This is a spark job to pull pubmed data (abstracts of all published articles) into GCS with parallel downloads and uploads. I describe here how to do this for beginners.
There are two ways to run this job in this tutorial, either submit the .py file in dataproc, or use the notebook in dataproc.
Either way, we first create the cluster in Google Cloud, run this in google cloud shell, or install gcloud and run in your terminal:
gcloud beta dataproc clusters create choose_your_cluster_name --optional-components=ANACONDA,JUPYTER
--image-version=1.3 --enable-component-gateway --bucket your_bucket_name --region europe-west4 --project your_project_id --num-workers 4
You need to replace three parameters in that command:
- your desired cluster name
- your google cloud project_id
- your google cloud storage bucket name
Also, if you want to use more than 4 worker nodes, you need to change that parameter as well, but I would not recommend it since in my experimentation it seems that more than this puts too much load on NCBI backend.

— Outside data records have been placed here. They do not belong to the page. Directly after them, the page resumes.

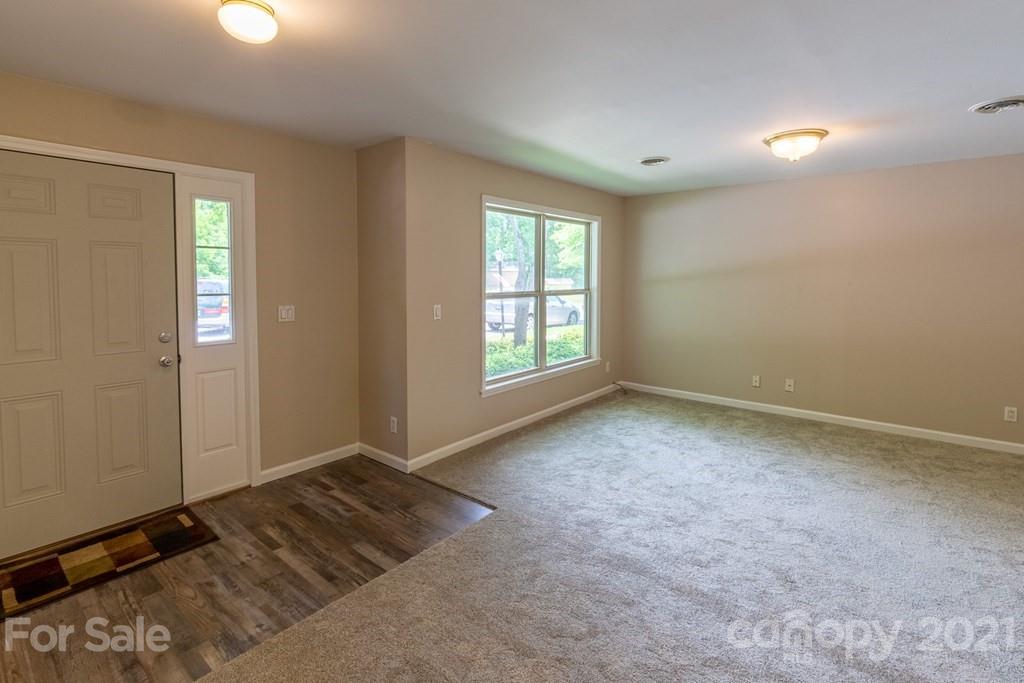 171 North Ridge Point, Unit V3 Sylva, NC 28779 - Photo 3 of 29 an empty room with windows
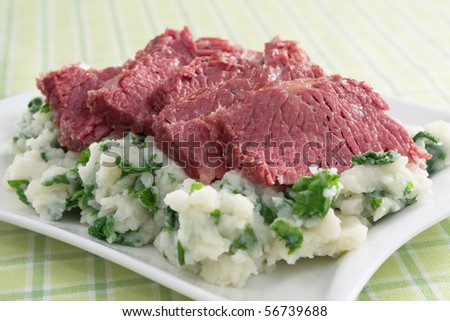 Slices of corned beef on top of colcannon (mashed potatoes with kale).
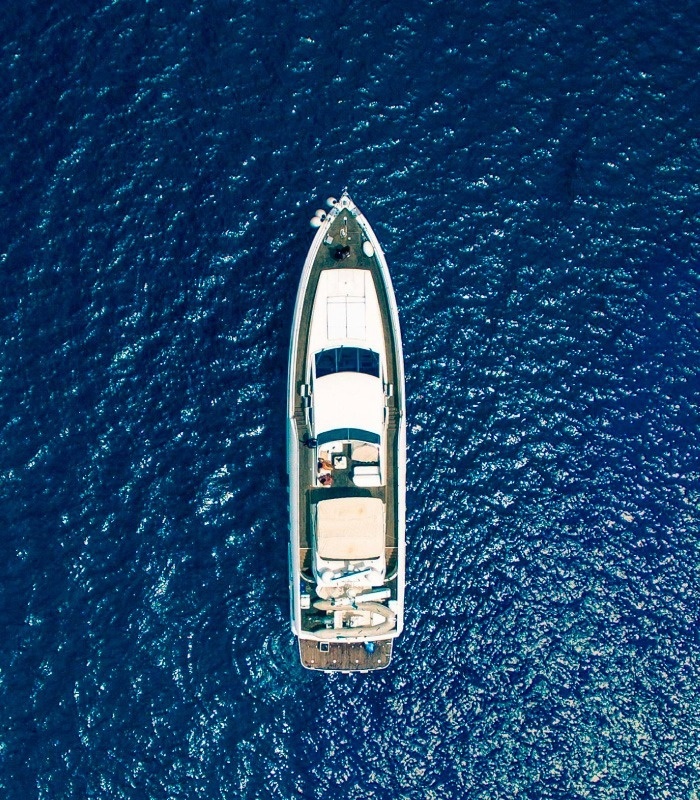 An aerial top-down view shows a white yacht floating on deep blue, rippling water.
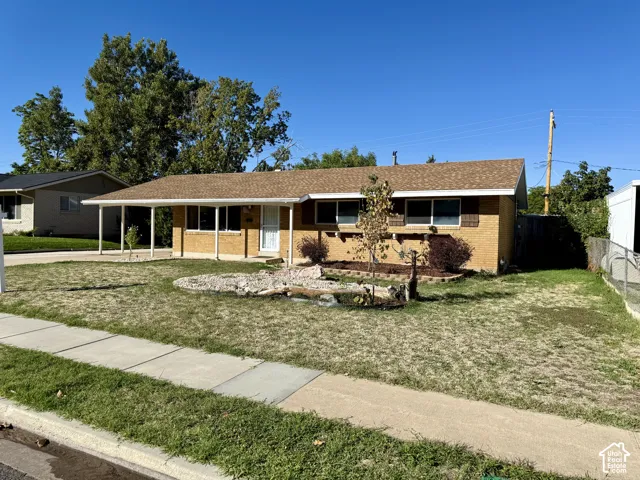 Brick exterior with a covered carport, mature landscaping, and a sidewalk
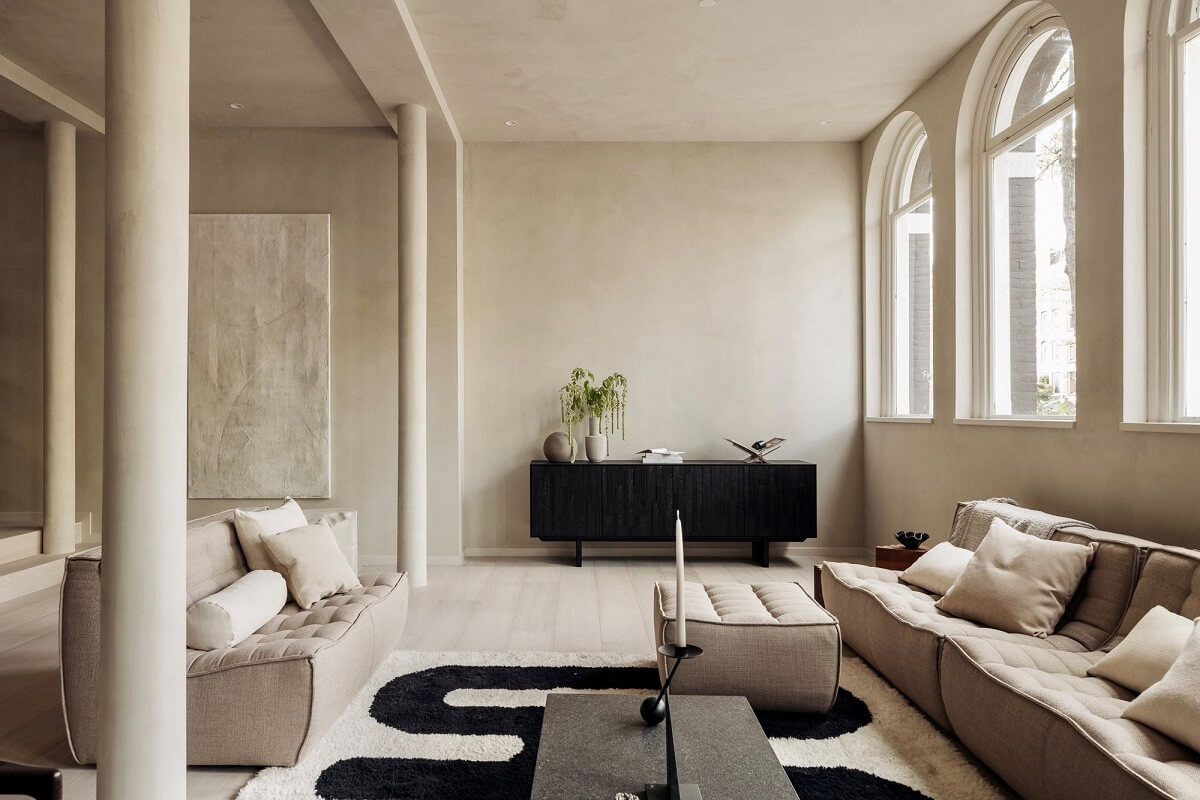 A Modern Home in a Historic Amsterdam Canal House 3 modern-monochrome-living-room-arched-windows-nordroom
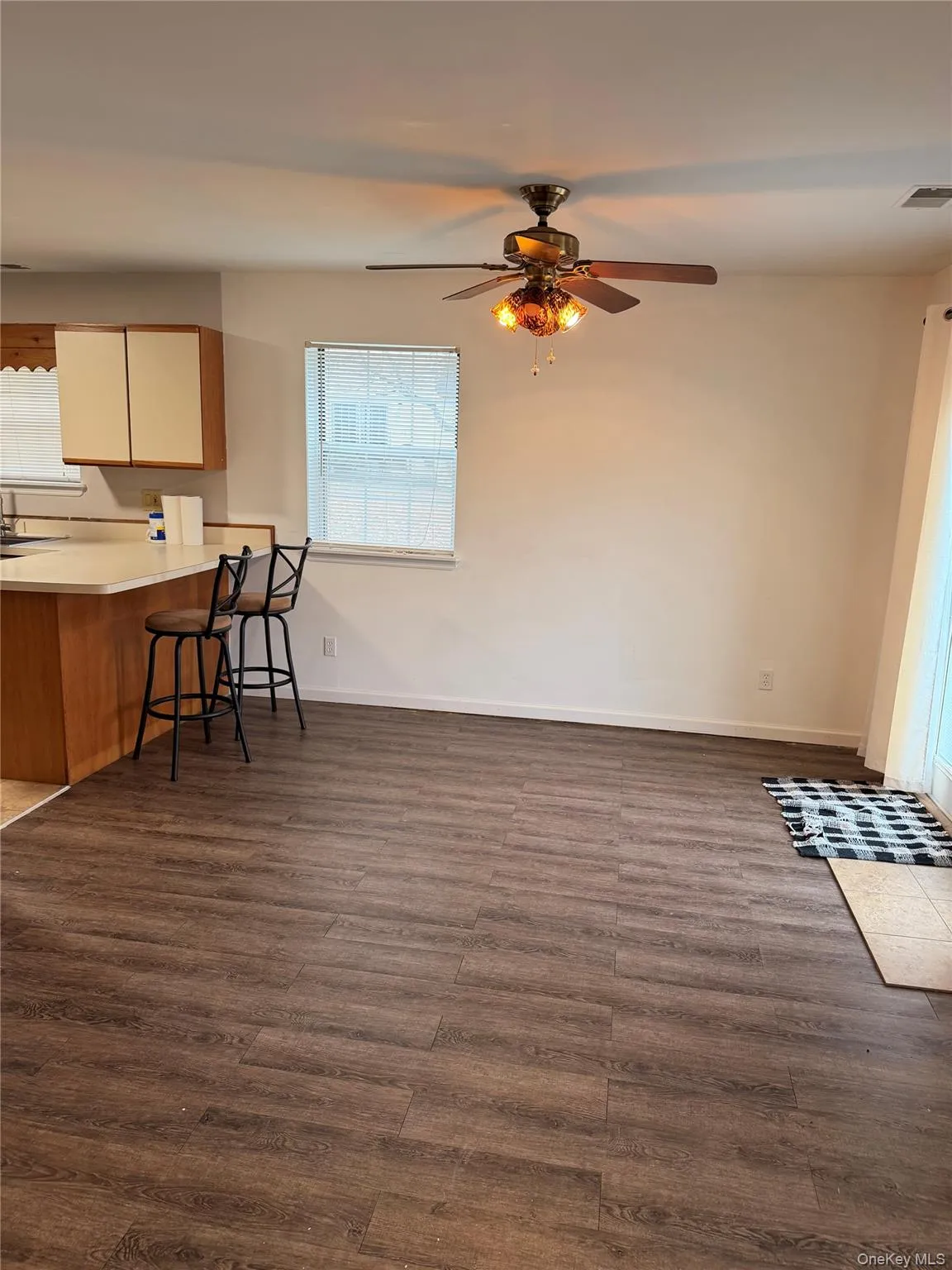 Kitchen featuring light countertops, brown cabinetry, a kitchen bar, and dark wood-type flooring Kitchen featuring light countertops, brown cabinetry, a kitchen bar, and dark wood-type flooring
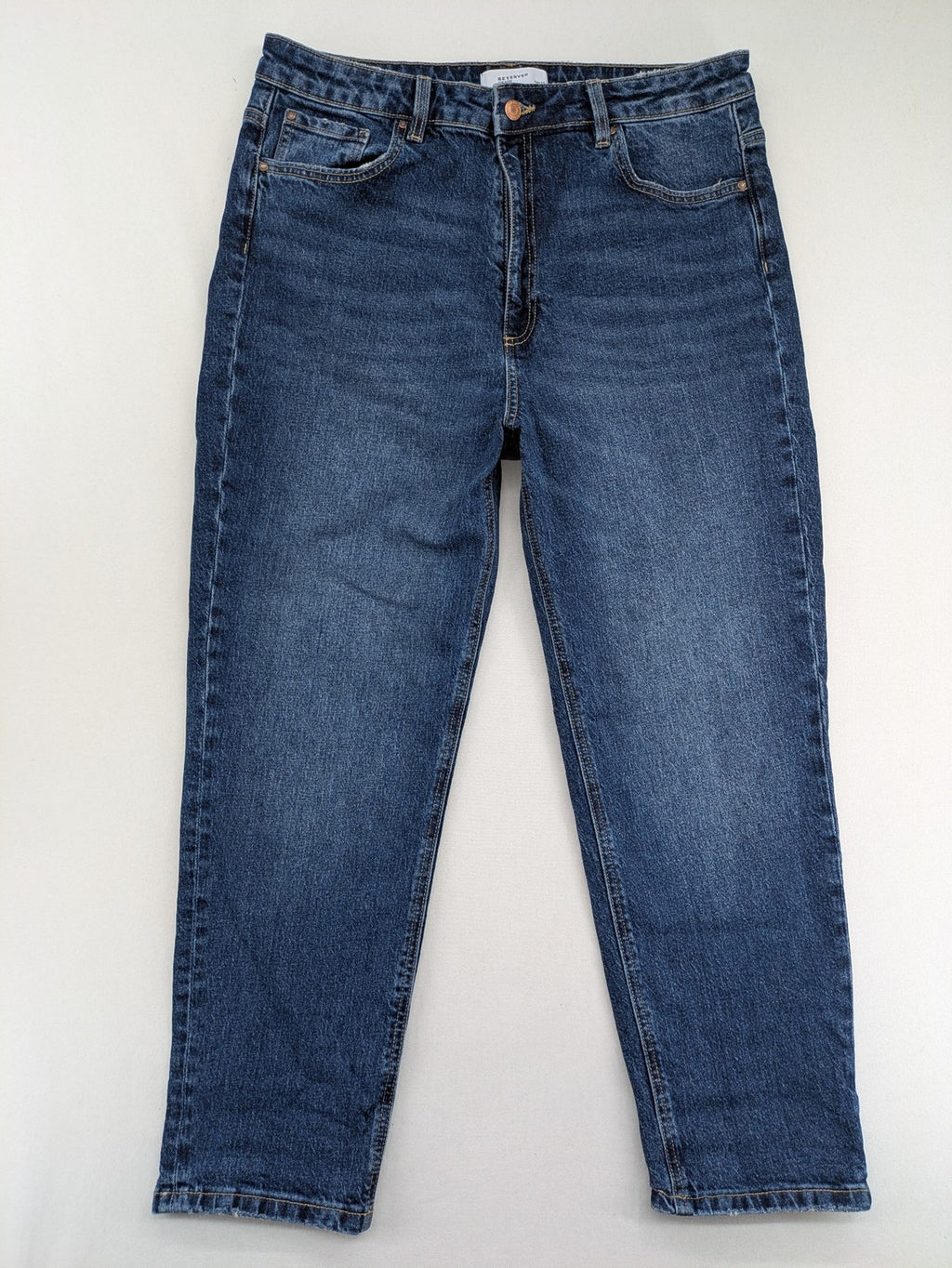 Reserved blue straight jeans high waist with classic fit and stretch cotton material.
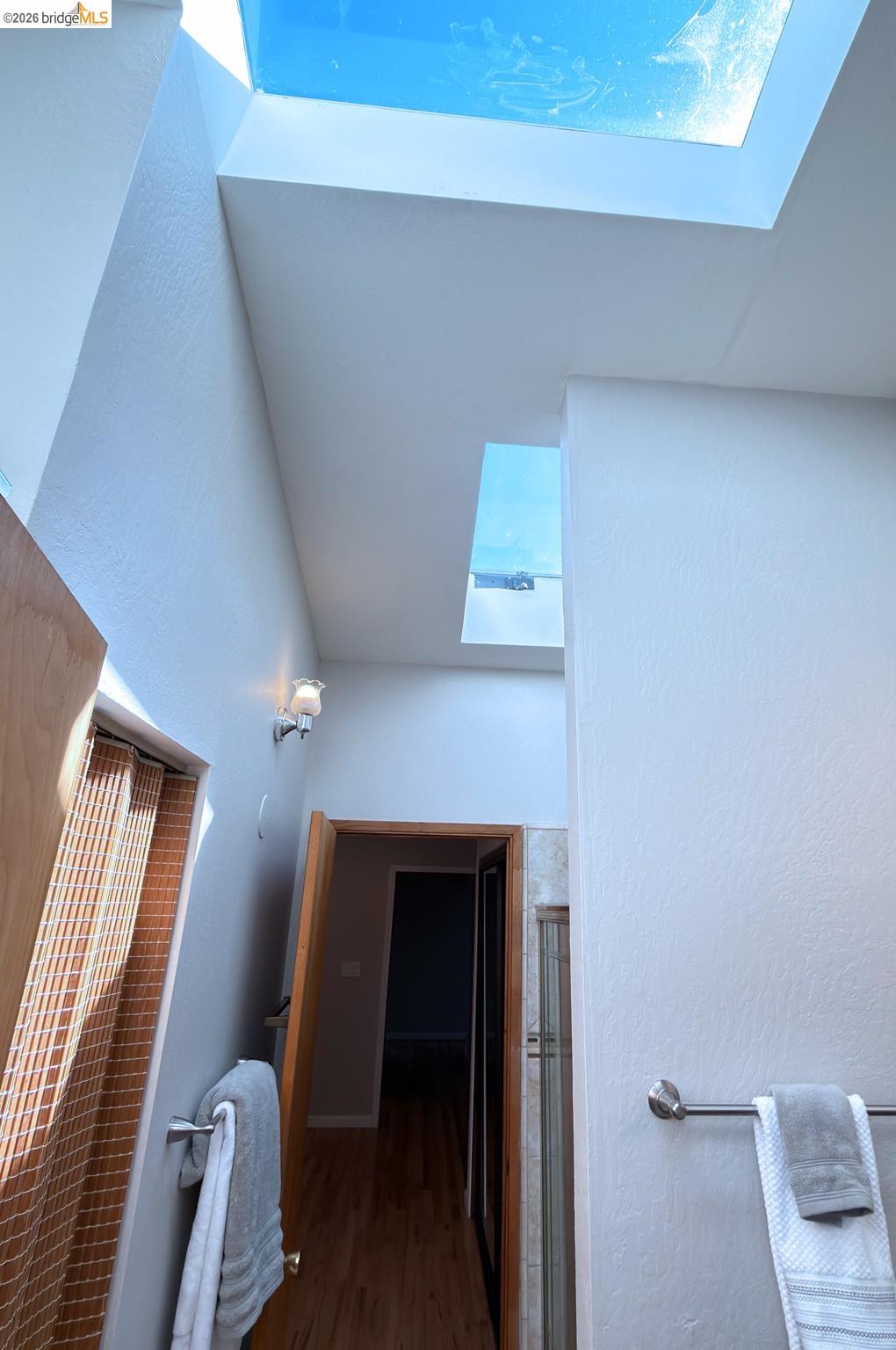 1732 Fernando Street Seaside, CA 93955 - Photo 48 of 53 Bathroom with a skylight, a textured wall, wood finished floors, and a shower with shower door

To use the notebook, go to dataproc in your google cloud console in your browser.
Click on your cluster --> web interfaces --> Jupyter Notebook --> upload your notebook or copy the contents in a new one.
Please note the notebook is not always up to date, so check that the functions are the same as in the .py file.
First you need to create a folder in a bucket of yours and upload the .py file. Then:
Click on your cluster --> Submit Job --> Choose "PySpark", specify the path to your .py file in GCS, and specify 4 arguments, leave the rest empty and click "Create".
The 4 arguments, in this order, are:
- First year to load the pubmed articles
- Last year to load the pubmed articles (this year will NOT be included, i.e. 1990 will load until 1989 only)
- Your bucket name
- Your path in that bucket, where the files will be stored.
Occasionally it seems the cluster runs into memory issues so no new files are being written to GCS. In this case you can create a new cluster and re run the job (it will ignore existing files in GCS and continue with the rest). Will try to merge a fix soon.